The report also found "that the multiple ambiguities contained in the amendment… would lead to such a 'litigation nightmare' that the proposed amendment might reasonably be subtitled 'The Lawyers' Full Employment Act of 2011.'"
Vote a resounding no on state Issue 3. As with state Issue 2, Issue 3 is a blatant example of ideological over-reaching and in no way promotes good government in our state.
Athens County Issues 15 and 16
We strongly recommend a yes vote for two countywide levies on the Nov. 8 ballot — one is Issue 16 for mental-health services, and the other is Issue 15 for senior citizen programs.
Issue 16 is a 10-year, one-mill replacement levy for the local 317 board, a community-based system of multiple entities working on alcohol, drug addiction and mental-health services.
Issue 15 is a five-year, .75-mill renewal proposed by the Athens County Commissioners to support local senior citizen services and facilities.
Both the mental-health and senior citizen programs offer essential services in our community. These tax replacements and renewals will allow them to continue operating. Vote yes for Issue 16 (mental health) and Issue 15 (seniors).
You do realize that your endorsement for mayor basically said "well we have no good reason to recommend him because he really hasnt done anything that we can think of, but he hasnt screwed up too bad so why not?" Even the comment of leading us through a recession was followed with comments of Athens not being effected by it because we are a college town.
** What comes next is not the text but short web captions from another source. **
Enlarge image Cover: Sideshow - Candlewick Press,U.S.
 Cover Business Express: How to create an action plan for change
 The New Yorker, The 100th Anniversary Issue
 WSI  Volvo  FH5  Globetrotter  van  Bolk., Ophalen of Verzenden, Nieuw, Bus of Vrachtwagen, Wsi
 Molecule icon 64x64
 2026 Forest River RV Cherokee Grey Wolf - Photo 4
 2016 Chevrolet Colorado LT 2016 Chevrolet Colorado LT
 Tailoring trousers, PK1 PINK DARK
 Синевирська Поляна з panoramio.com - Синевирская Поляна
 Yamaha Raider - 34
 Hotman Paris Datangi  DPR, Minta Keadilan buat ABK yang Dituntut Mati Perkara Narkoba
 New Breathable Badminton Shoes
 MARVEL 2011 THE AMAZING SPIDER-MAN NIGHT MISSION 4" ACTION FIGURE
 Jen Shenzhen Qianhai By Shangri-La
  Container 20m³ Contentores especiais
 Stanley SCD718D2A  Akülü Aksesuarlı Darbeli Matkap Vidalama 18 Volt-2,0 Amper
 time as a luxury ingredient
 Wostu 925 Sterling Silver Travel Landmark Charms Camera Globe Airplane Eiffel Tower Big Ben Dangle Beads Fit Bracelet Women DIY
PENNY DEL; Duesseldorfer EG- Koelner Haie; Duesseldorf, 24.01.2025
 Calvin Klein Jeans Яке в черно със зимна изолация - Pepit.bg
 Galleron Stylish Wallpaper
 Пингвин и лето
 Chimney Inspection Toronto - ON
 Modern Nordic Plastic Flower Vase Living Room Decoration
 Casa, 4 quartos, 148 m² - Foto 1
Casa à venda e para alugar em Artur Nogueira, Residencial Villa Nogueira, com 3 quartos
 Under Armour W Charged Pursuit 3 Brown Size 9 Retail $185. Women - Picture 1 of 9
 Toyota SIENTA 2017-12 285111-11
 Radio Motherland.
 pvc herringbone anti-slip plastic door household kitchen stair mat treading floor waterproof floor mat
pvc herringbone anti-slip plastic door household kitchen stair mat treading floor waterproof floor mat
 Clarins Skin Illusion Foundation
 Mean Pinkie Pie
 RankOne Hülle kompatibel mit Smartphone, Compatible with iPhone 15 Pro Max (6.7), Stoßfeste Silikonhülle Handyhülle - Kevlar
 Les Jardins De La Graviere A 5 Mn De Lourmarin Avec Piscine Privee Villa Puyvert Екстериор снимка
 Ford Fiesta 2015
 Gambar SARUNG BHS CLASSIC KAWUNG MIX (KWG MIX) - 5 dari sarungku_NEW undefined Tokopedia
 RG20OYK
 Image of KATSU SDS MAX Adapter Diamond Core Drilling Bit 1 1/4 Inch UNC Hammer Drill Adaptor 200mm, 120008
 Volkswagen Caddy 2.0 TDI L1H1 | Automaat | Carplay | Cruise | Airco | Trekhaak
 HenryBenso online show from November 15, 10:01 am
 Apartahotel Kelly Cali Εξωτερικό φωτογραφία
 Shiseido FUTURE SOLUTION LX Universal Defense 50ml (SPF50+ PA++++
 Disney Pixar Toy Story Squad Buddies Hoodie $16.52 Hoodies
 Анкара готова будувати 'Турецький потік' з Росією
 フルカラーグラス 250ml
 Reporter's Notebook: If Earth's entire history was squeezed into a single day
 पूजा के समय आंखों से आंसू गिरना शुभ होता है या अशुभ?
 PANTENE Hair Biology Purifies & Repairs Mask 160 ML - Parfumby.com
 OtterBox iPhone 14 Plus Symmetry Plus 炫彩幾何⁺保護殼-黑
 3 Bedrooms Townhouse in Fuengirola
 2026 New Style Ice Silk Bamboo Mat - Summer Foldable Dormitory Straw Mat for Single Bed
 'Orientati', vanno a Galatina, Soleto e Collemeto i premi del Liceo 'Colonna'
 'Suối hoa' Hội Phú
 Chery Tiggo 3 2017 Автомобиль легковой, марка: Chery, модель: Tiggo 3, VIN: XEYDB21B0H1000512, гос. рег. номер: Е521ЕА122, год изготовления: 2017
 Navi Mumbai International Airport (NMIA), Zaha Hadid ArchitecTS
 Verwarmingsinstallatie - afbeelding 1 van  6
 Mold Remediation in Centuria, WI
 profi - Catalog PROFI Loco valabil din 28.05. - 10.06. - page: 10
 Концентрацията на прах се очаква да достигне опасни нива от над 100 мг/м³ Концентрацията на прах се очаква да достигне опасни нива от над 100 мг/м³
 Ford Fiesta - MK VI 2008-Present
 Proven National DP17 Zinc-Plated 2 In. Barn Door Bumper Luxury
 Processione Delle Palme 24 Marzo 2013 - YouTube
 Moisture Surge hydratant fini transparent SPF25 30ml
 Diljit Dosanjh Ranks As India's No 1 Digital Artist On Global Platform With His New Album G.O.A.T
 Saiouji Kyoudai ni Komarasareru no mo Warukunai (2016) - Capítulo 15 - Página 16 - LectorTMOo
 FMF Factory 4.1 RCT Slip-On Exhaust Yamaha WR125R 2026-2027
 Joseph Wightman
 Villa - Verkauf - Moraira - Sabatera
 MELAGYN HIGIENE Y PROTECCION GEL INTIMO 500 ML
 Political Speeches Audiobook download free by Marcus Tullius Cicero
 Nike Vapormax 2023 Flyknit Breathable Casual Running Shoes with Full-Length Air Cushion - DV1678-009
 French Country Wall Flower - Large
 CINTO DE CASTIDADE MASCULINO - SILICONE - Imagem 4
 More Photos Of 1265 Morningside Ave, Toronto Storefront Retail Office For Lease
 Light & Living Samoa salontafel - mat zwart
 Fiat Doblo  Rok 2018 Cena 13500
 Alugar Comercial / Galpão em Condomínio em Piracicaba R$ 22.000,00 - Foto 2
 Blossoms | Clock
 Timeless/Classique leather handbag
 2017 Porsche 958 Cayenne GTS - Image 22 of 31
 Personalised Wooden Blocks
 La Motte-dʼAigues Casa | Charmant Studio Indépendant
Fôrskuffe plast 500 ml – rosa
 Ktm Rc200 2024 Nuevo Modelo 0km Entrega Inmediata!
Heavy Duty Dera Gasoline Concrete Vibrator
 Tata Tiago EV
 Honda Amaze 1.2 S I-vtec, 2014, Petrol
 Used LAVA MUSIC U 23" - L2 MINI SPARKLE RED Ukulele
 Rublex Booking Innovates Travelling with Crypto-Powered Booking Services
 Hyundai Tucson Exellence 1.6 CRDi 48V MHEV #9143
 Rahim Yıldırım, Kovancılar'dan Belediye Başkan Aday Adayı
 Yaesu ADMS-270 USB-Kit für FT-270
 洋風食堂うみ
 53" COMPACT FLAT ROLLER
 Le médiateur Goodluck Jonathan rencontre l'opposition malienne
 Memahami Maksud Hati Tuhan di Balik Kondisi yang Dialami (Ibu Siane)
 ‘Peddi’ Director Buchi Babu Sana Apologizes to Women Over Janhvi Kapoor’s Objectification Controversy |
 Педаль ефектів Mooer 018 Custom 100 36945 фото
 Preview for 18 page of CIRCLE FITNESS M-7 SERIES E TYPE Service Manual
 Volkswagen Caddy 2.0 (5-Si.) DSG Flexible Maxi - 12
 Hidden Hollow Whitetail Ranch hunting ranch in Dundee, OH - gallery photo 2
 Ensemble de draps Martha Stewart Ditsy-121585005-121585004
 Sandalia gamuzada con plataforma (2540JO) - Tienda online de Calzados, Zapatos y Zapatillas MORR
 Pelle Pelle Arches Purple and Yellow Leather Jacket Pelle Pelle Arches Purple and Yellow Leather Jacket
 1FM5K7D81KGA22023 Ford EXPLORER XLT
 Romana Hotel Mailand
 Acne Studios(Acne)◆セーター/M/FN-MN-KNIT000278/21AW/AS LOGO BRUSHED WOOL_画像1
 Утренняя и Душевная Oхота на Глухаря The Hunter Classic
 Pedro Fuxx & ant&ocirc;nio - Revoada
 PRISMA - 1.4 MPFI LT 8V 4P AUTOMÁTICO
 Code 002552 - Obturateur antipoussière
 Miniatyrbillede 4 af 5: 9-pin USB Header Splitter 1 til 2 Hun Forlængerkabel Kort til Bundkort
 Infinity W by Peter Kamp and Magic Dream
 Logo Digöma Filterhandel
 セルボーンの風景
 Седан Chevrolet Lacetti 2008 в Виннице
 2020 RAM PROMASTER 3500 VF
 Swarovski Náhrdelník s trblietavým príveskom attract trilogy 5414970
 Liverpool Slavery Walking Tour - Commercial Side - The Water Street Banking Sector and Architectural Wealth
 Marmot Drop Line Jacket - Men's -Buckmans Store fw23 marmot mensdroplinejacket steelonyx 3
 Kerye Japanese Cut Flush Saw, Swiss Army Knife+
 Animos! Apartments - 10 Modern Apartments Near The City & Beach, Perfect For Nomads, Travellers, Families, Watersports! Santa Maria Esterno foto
Might as well just say, we cant give you a good reason to vote for him except that he has a D by his name
Same with the Third Ward choice. I be a thinkin' that "D" means a lot more than anything else...
Why do you even give endorsements? Why don't you just say: "We can not individually think on our own and don't believe you should either so please just vote straight Democratic line!" You never give independant endorsements, you just try to give reason why you think the Democrat on the ticket should win. Pathetic. A good citizen can use their brain when casting a ballot, not just vote D or R.
Let me get this straight. It's somehow unusual or remarkable that a progressive oriented newspaper will, wonder of wonders, endorse a Democrat? And do so in races in which good arguments have been made for both sides? Really? Seriously?
Is it really surprising that a paper whose editorials are usually liberal would have a problem with endorsing a mayoral candidate who's an avowed conservative, and who supports S.B. 5, a right-wing, anti-union Trojan horse that would have very direct effects on how our local governments operate? Why would we do that?
Do you want me to go back and show you instances where we've endorsed Republicans or Independents in the past? Or recall for you that we have taken on the Democratic Party establishment in substantial ways in recent years (and much more directly and powerfully than the other local papers)? Does the name Susan Gwinn mean anything to you? Mark Sullivan?
Please Stimsonboy don't embarrass yourself any further.
Yes, please show me where in the past you have ever endorsed a republican.
Also, I don't believe the mayor has anything to do with the passage of SB5 or non passage of it, right.
Instead of endorsing Wiehl b/c you can't think of a reason not to, why don't you point out that he has led to huge legal costs to the city in his mindless handling of the University Estates project and also the Stimson Ave strip club proposal!? This mayor is costing the tax payers much more than just his paycheck!